Clem: "So! What we got here is a title game. First of its kind."

(pregnant pause)

Dirk: "Ayup"

(pregnant pause)

Clem: "Think somewhere along the lines we shoulda set up some of that there fancy shmancy recording quipment."

(pregnant pause)

Dirk: (turns with a wide-eyed stare) "Ayup"
 
I was going to watch it, but you just spoiled the ending. :mad:

That is pretty cool though.
 
The first few games wasn't called the SB. It was the AFL NFL championship game . It wasn't until Lamar hunt saw his grand daughter bouncing a SUPER ball. That he came up with the name Super bowl.
 
Lombardi: "They're killing me, Whitey. THey're killing me.
https://www.youtube.com/watch?v=2PYJ_7Wngck

That was Lou Saban, Bills HC. And I believe, Nick's uncle.
I love that quote also, I used to say it at work to mess with guys all the time, especially if they were black. We had a cool department.

I would love to watch this game, just not sure I will get the chance and the DVR is pretty full.
 
Lenny Dawson during SB I, paving the way for the kale-enemas and vegan torture trials of health-conscious athletes to follow:

len-dawson-cig-super-bowl-01192014.jpg


(a beer would have made this perfection)
 
LOL that's great. I remember the Football Life on Stabler talking about he'd sit at his locker smoking or something like that.
 
Did anyone else here watch this? NFLN did a terrible job, IMO.

Len Dawson was the only commentator worth listening to--the rest of the commentary was just awful.
 
I heard the same sentiment on PFT by almost 100% of the posters there who watched it. It was UNIVERSALLY PANNED as a presentation. Too much new school blabbering not enough old school footage. I won't be DVRing it.
 
It is direct evidence of how contrived and packaged the new NFL is. It can't even broadcast a classic game without mucking it up.

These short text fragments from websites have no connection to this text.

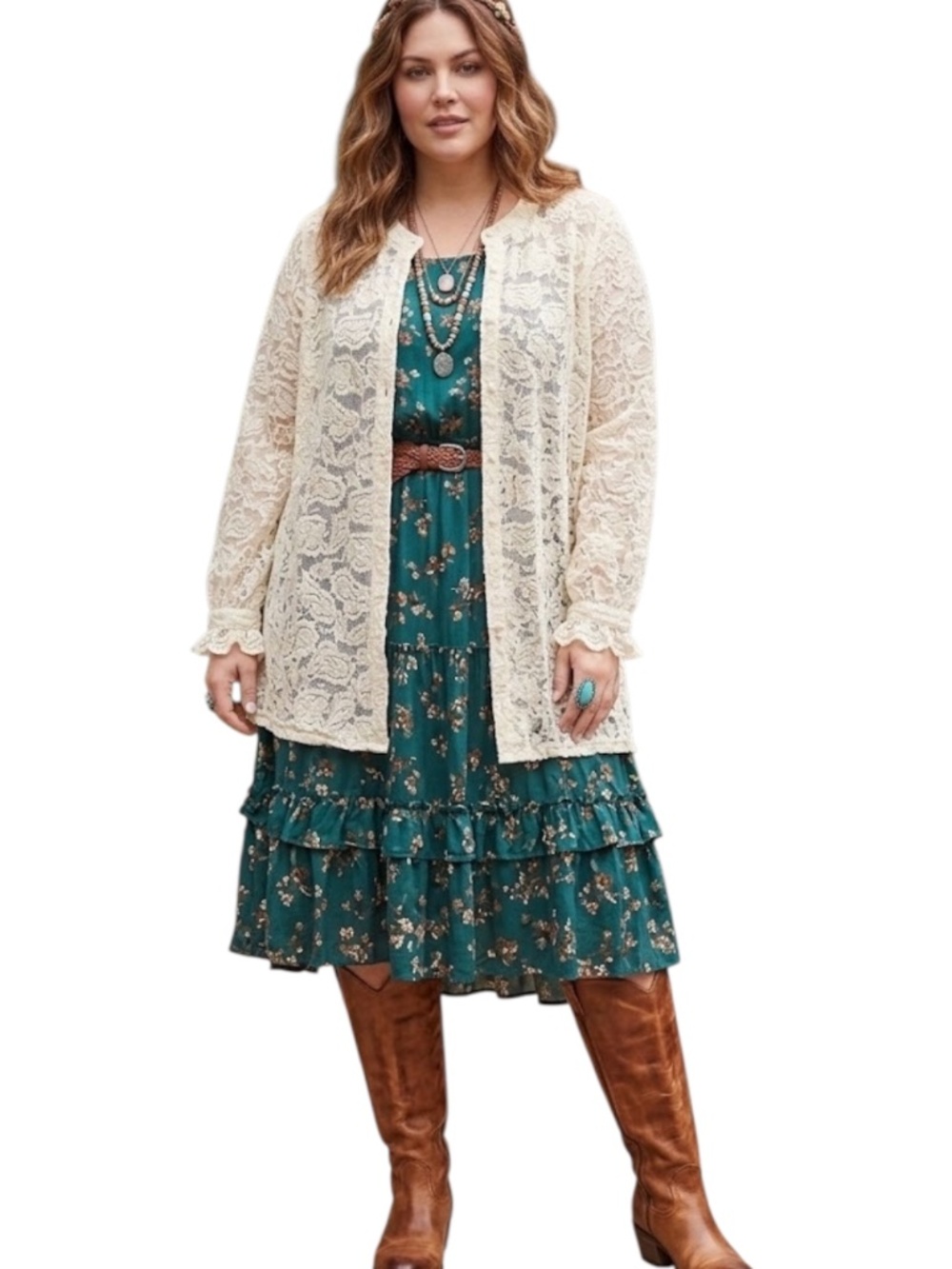 Romantic Cream Floral Lace Button-Down Cardigan Size Medium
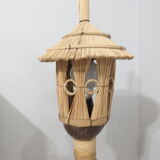 Floor lamp in rattan and vintage bamboo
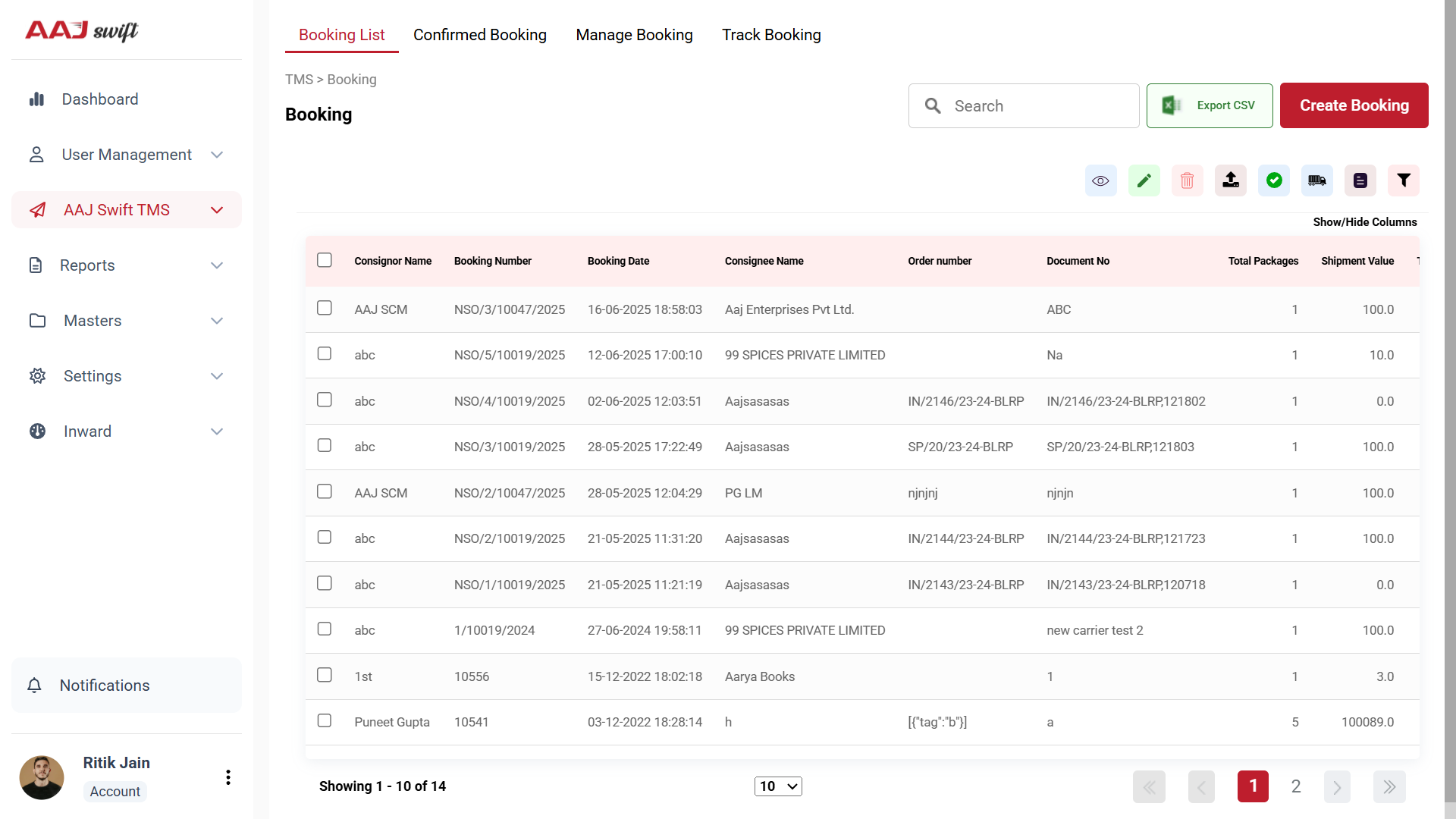 Centralized Booking & Order Management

The Sabols must be spinning.
 
I remember watching the original game - I had the NFLN show on kind of in the background - didn't realize we hadn't seen these recordings before. They seem to keep repeating themselves about how the Chiefs linemen were bigger.

Did they show Al Hirt perform at half-time? Lombardi in the locker room after the game saying bluntly that the Chiefs were not as good as the best NFL teams? That made quite an impression on me, that he would actually say that.